Days of inventory (DOI) among semiconductor suppliers increased 1.1 percent in the first quarter from the fourth quarter of last year, which helped reduce the severity of parts shortages caused by the March 11 earthquake in Japan, according to researcher IHS iSuppli.

Semiconductor companies' inventory levels were estimated to be 80.3 days at the end of the first quarter of 2011, up 1.1 percent from 79.4 days in the fourth quarter of 2010. The value of the inventory was estimated to be $27.2 billion. First quarter inventory levels were up 9.1 days from the same period in 2010, according to the researcher.

"Efforts by suppliers to build inventory during the seasonally slow period from the fourth quarter of 2010 through the first quarter of 2011 proved to be fortuitous," said Sharon Stiefel, analyst for semiconductor market intelligence at IHS iSuppli. The efforts resulted in a two- to-four-week cushion of raw materials, work-in-process goods and finished products.

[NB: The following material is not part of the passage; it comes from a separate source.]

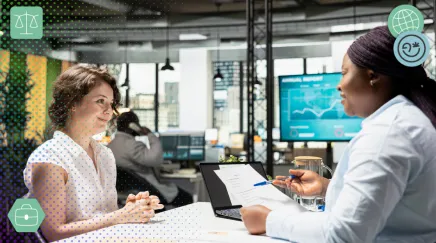 Entretien annuel entre un manager et un salarié dans un bureau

High semiconductor inventory levels usually result in falling prices and reduce profits. However, first quarter high inventory levels this year proved to be a positive development, as it helped the industry contend with production disruption of chips and other materials right after the quake.

Because the earthquake occurred so late in the first quarter, the number of weeks of direct disruption to the supply chain was limited during the first quarter, Stiefel added.

Stiefel went on to say that many fabs damaged or shut down because of lack of electricity have returned to Rome operations. In cases where damage to fabs was severe, chipmakers have transferred production to other company fabs and to foundries.

Inventory levels at semiconductor suppliers are expected to continue to rise in the second quarter, according to IHS iSuppli. Chipmakers are preparing for increased demand in the second and third quarters, not necessarily because of concern about shortages. However, because of the quake, some chipmakers are reconsidering their inventory policies concerning just-in-time deliveries.